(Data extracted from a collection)
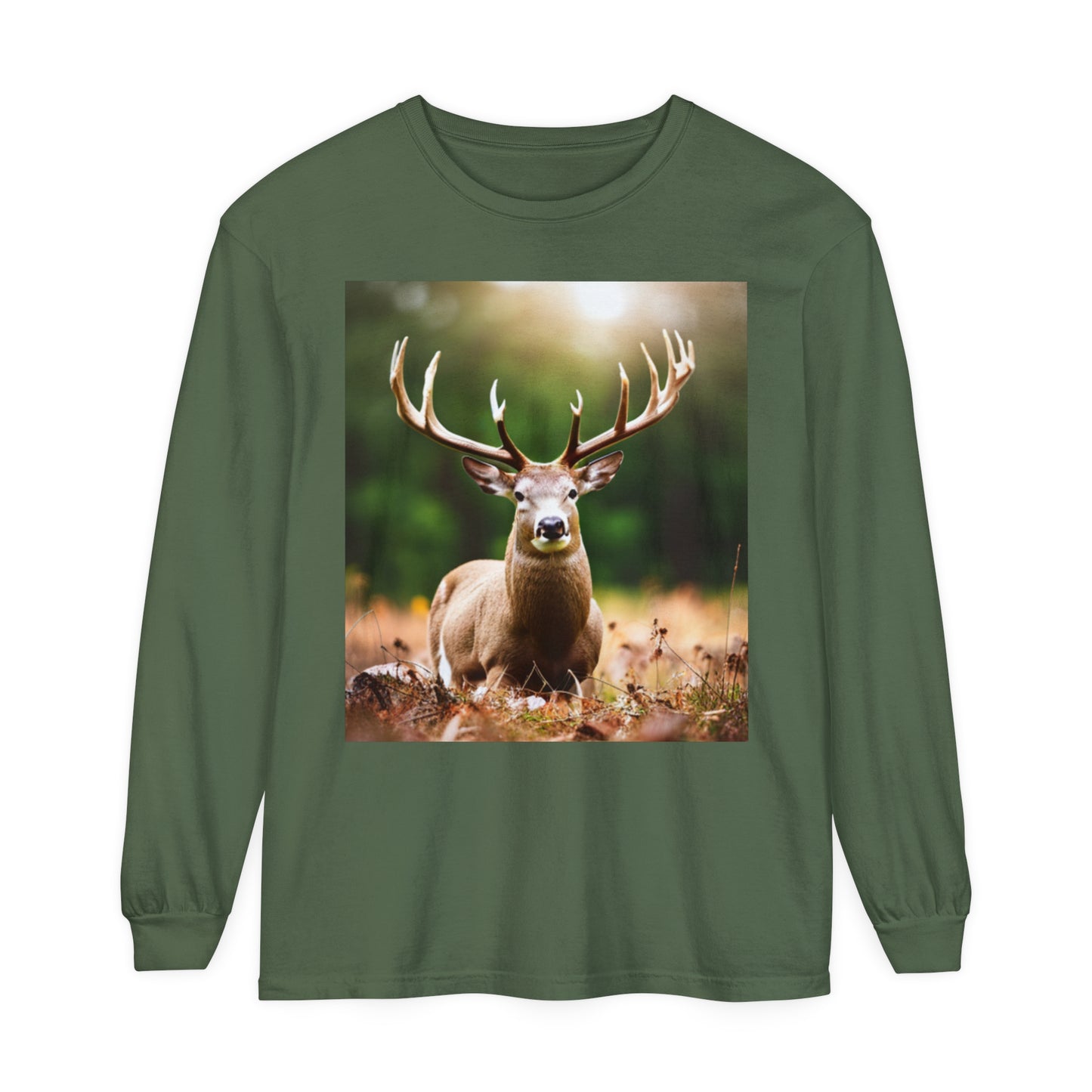 Unisex Garment-dyed Long Sleeve T-Shirt (Deer)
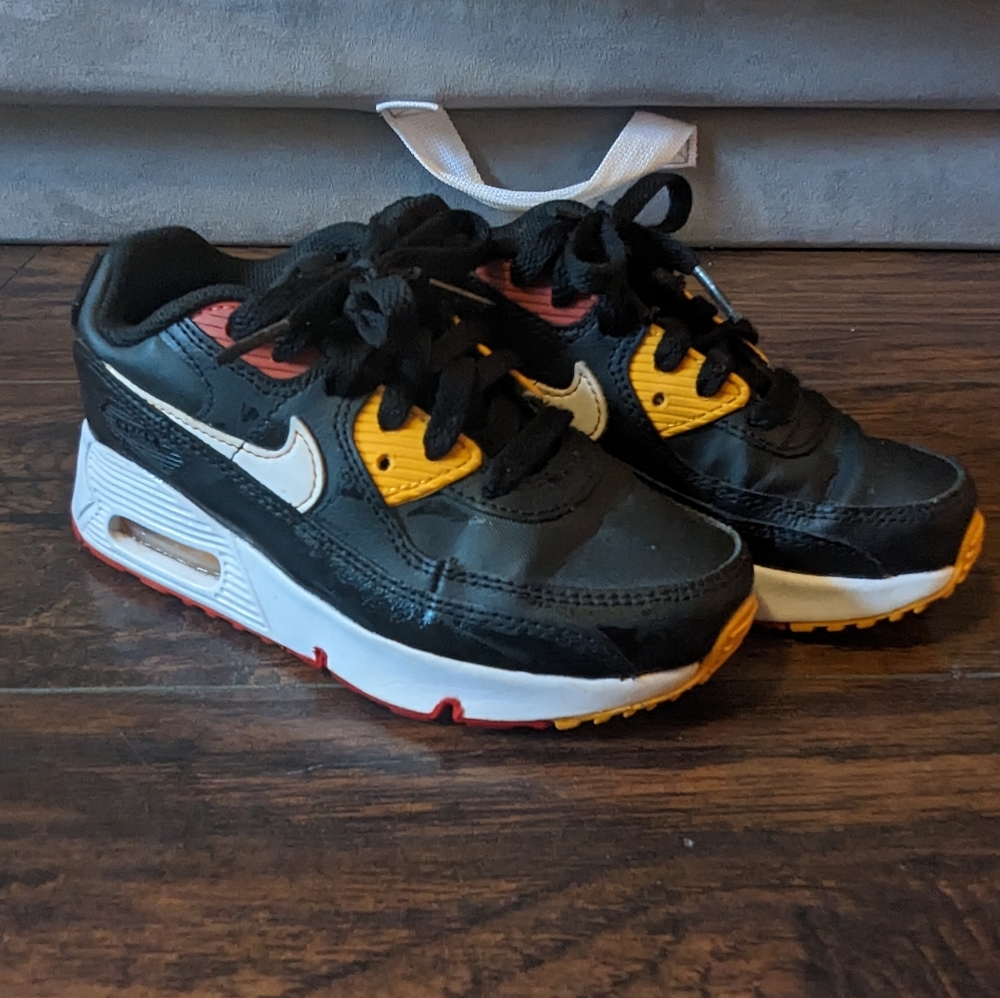 Nike Air Max 90 LTR Preschool Black White Yellow Shoes CD6867-017 Kids 12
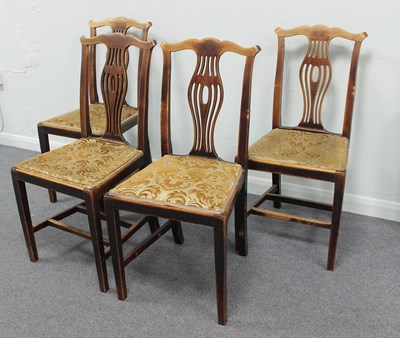 Lot 54 - Four mahogany dining chairs with pierced splats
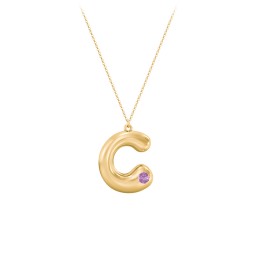 Custom Bubble Initial Necklace with Birthstone in 18K Gold Plated Silver with Amethyst
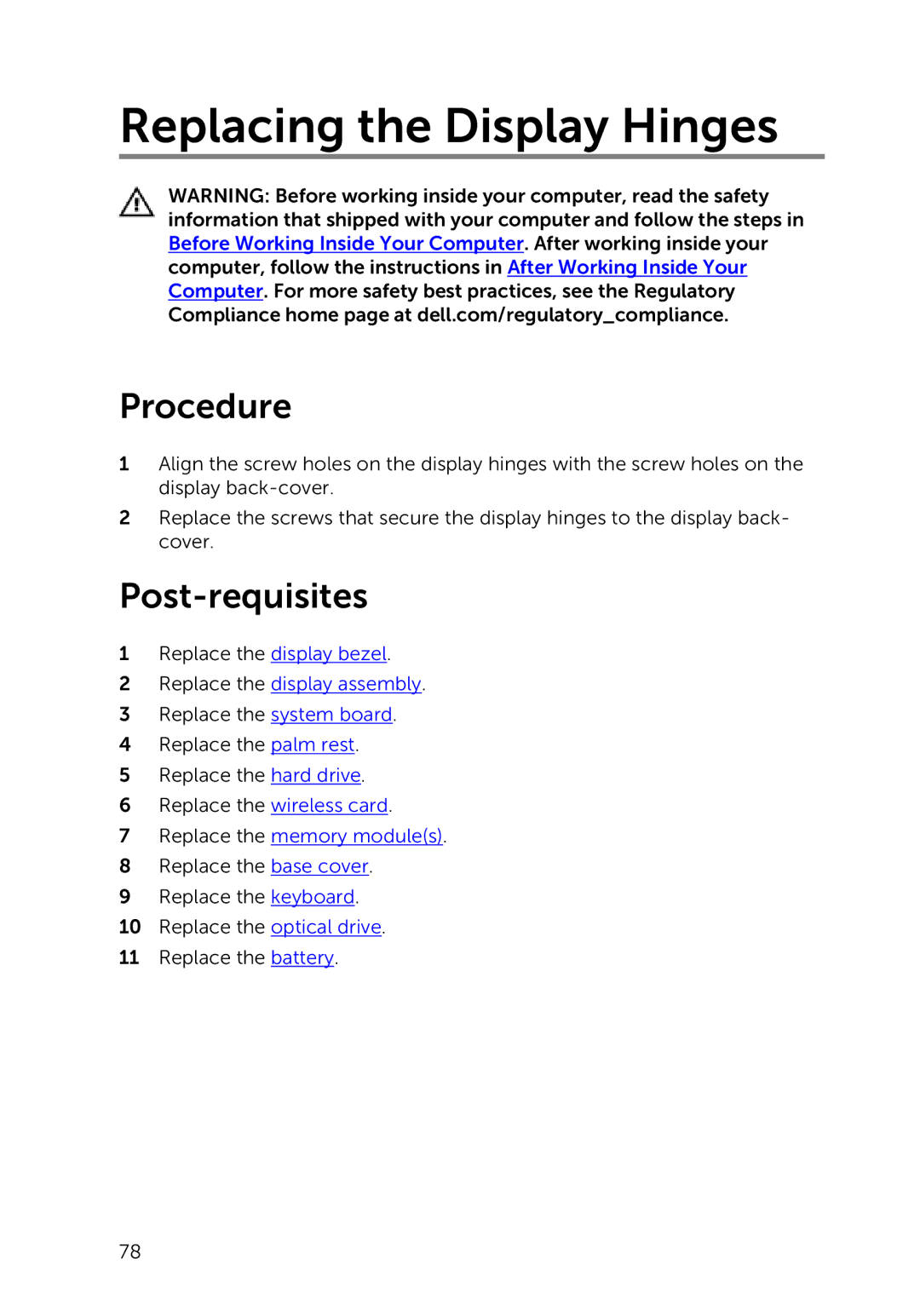 Dell 3000 service manual Replacing the Display Hinges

### What the exercise asks
A verbatim copy of the data, free of pictures, is the expected answer.

### Response to the task
 Unisex Garment-dyed Long Sleeve T-Shirt (Deer)
 Nike Air Max 90 LTR Preschool Black White Yellow Shoes CD6867-017 Kids 12
 Lot 54 - Four mahogany dining chairs with pierced splats
 Custom Bubble Initial Necklace with Birthstone in 18K Gold Plated Silver with Amethyst
 Dell 3000 service manual Replacing the Display Hinges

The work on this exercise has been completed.